Bug #1144
lxml not finding elements
Start date:
12/27/2015
Due date:
% Done:
100%
Description
https://answers.splunk.com/answers/337109/extracting-http-served-xml-datascraping-http-provi.html
Sample code:
import lxml.html from cssselector import CSSSelector content = """<nutcallstatus> <!--this is similar to status.xml, but with more values--> <!--all temperatures are displayed in tenths F, regardless of setting of unit--> <!--all temperatures sent by browser to unit should be in F. you can send tenths F with a decimal place, ex: 123.5--> <COOK> <COOK_NAME>Cook</COOK_NAME> <COOK_TEMP>695</COOK_TEMP> <COOK_SET>1000</COOK_SET> <COOK_STATUS>0</COOK_STATUS> </COOK>""" tree = lxml.html.fromstring(content) selector = CSSSelector("COOK_TEMP") matches = selector(tree) print matches
History
#1 Updated by Luke Murphey about 9 years ago
- Target version set to 1.2.0
#2 Updated by Luke Murphey about 9 years ago
It turns out that LXML converts the HTML representation to lowercase.

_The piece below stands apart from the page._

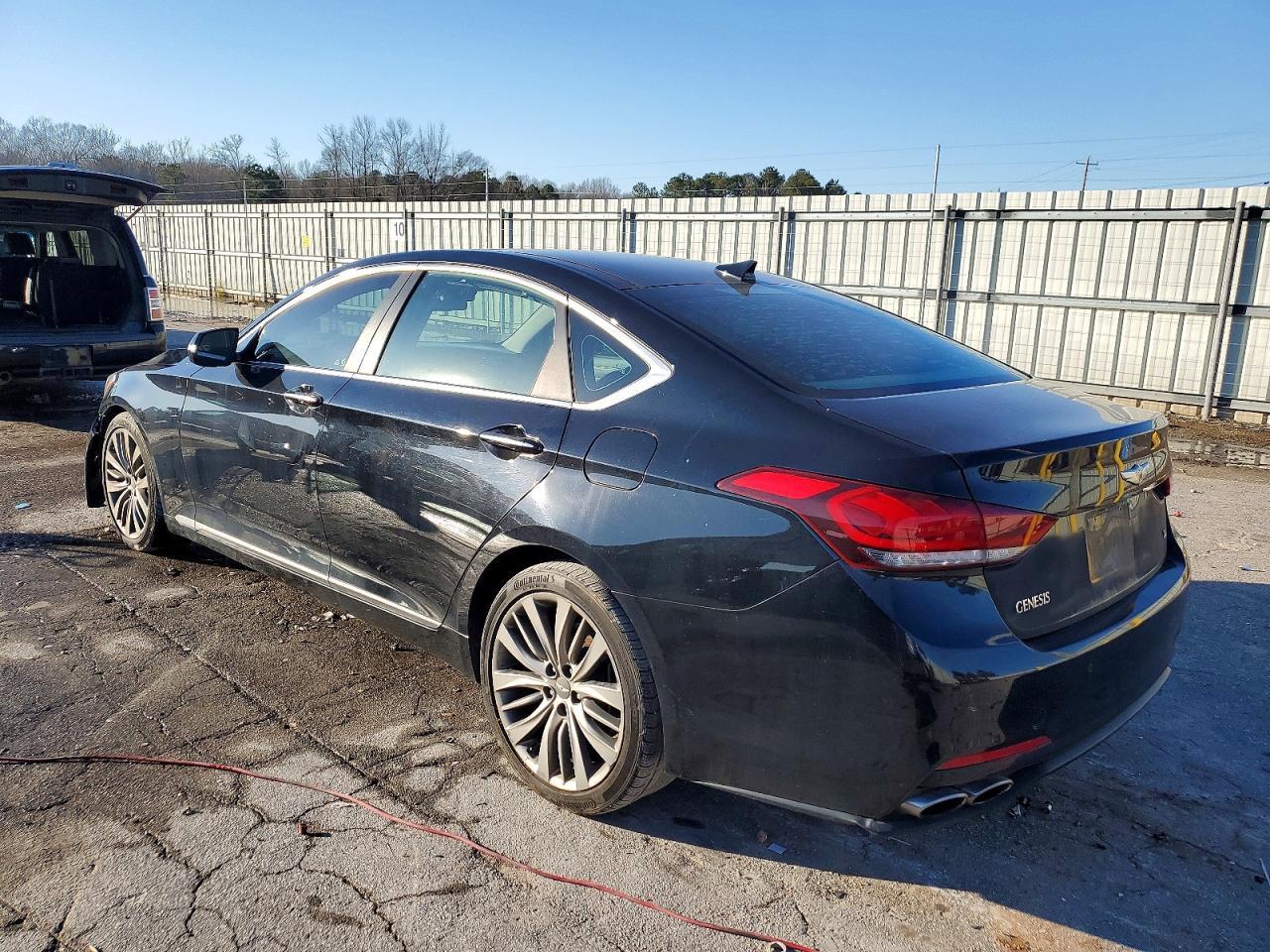 2015 Hyundai Genesis 5.0L - Фото 2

That can be proven by parsing some XML and then calling this:
lxml.etree.tostring(tree)
The output is:
<nutcallstatus>\n <!--this is similar to status.xml, but with more values-->\n <!--all temperatures are displayed in tenths F, regardless of setting of unit-->\n <!--all temperatures sent by browser to unit should be in F. you can send tenths F with a decimal place, ex: 123.5--> \n <cook>\n <cook_name>Cook</cook_name>\n <cook_temp>695</cook_temp>\n <cook_set>1000</cook_set>\n <cook_status>0</cook_status>\n </cook></nutcallstatus>
#3 Updated by Luke Murphey about 9 years ago
- Status changed from New to Closed
- % Done changed from 0 to 100